Where Did My Brain Go?

Signature Injury of The War

The term “signature injury of the war” was first used by Dr. George A. Zitnay, co-founder of Defense and Veterans Brain Injury Center in May 2006 . Testifying before the Senate Appropriations Committee, Dr. Zitnay explained how body armor saves lives. Troops survive bigger blasts with damaged brains. He said, “Traumatic brain injury is the signature injury of the war on terrorism.”

Congress responded by cutting the annual funding of his center in half, from $14 million to $7 million.

Dr. Zitnay had requested $19 million. On August 8, 2006 USA Today reported Center for war-related brain injuries faces budget cut. I found two memorable quotes:

“I find it basically unpardonable that Congress is not going to provide funds to take care of our soldiers and sailors who put their lives on the line for their country,” says Martin Foil, a member of the center’s board of directors. “It blows my imagination.”
“Honestly, they would have loved to have funded it, but there were just so many priorities,” says Jenny Manley, spokeswoman for the Senate Appropriations Committee. “They didn’t have any flexibility in such a tight fiscal year.”

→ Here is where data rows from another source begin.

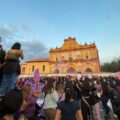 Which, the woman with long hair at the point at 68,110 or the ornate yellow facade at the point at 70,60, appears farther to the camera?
A: the ornate yellow facade at the point at 70,60

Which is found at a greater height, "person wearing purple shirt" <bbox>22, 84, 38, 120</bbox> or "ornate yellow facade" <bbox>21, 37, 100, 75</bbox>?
"ornate yellow facade" <bbox>21, 37, 100, 75</bbox>

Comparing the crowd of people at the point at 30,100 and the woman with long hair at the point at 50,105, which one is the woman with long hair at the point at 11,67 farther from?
the woman with long hair at the point at 50,105

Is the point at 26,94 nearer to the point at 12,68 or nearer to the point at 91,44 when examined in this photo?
the point at 12,68

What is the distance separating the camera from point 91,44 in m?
73.7

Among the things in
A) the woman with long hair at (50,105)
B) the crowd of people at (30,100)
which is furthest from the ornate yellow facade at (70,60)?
the woman with long hair at (50,105)

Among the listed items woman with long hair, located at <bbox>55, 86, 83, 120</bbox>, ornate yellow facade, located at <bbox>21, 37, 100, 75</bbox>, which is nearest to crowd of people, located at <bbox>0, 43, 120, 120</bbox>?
woman with long hair, located at <bbox>55, 86, 83, 120</bbox>

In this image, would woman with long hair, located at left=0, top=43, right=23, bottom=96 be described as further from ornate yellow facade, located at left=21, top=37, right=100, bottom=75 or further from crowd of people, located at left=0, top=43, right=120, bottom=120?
ornate yellow facade, located at left=21, top=37, right=100, bottom=75

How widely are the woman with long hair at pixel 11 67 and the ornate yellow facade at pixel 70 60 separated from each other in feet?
207

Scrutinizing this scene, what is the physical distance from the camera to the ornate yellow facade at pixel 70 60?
69.8 meters

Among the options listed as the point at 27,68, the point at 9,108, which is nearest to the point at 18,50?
the point at 9,108

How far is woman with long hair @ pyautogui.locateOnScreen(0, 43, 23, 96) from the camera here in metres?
5.27

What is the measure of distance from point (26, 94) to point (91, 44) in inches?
2763

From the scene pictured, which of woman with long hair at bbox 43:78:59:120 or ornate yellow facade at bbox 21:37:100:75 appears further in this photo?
ornate yellow facade at bbox 21:37:100:75

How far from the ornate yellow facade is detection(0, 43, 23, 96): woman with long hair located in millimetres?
63090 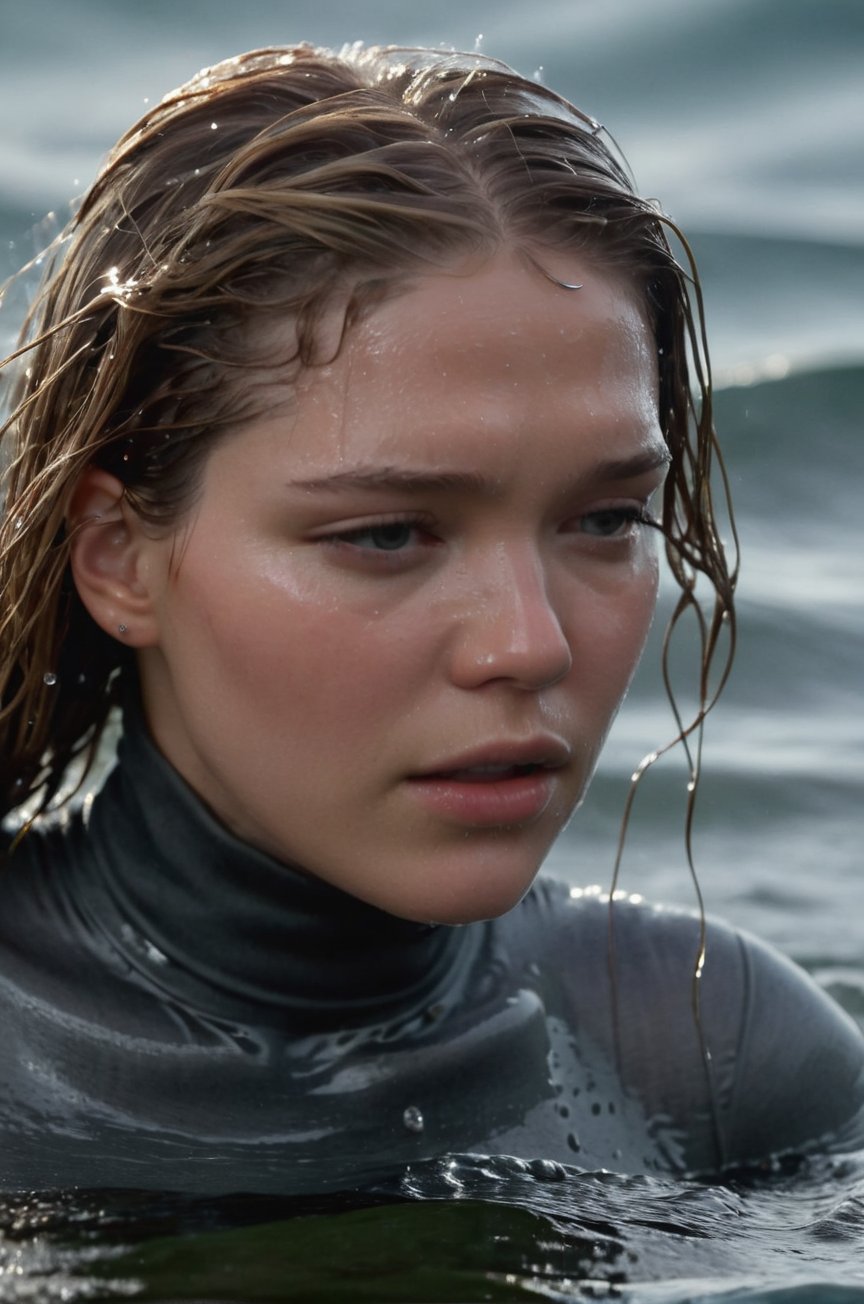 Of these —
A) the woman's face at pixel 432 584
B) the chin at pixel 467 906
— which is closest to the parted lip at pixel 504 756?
the woman's face at pixel 432 584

Preliminary research by the center shows that about 10% of all troops in Iraq, and up to 20% of front line infantry troops, suffer concussions during combat tours. Many experience headaches, disturbed sleep, memory loss and behavior issues after coming home, the research shows.

The center urged the Pentagon to screen all troops returning from Iraq in order to treat symptoms and create a database of brain injury victims. Scientists say multiple concussions can cause permanent brain damage.

The Pentagon so far has declined to do the screening and argues that more research is needed.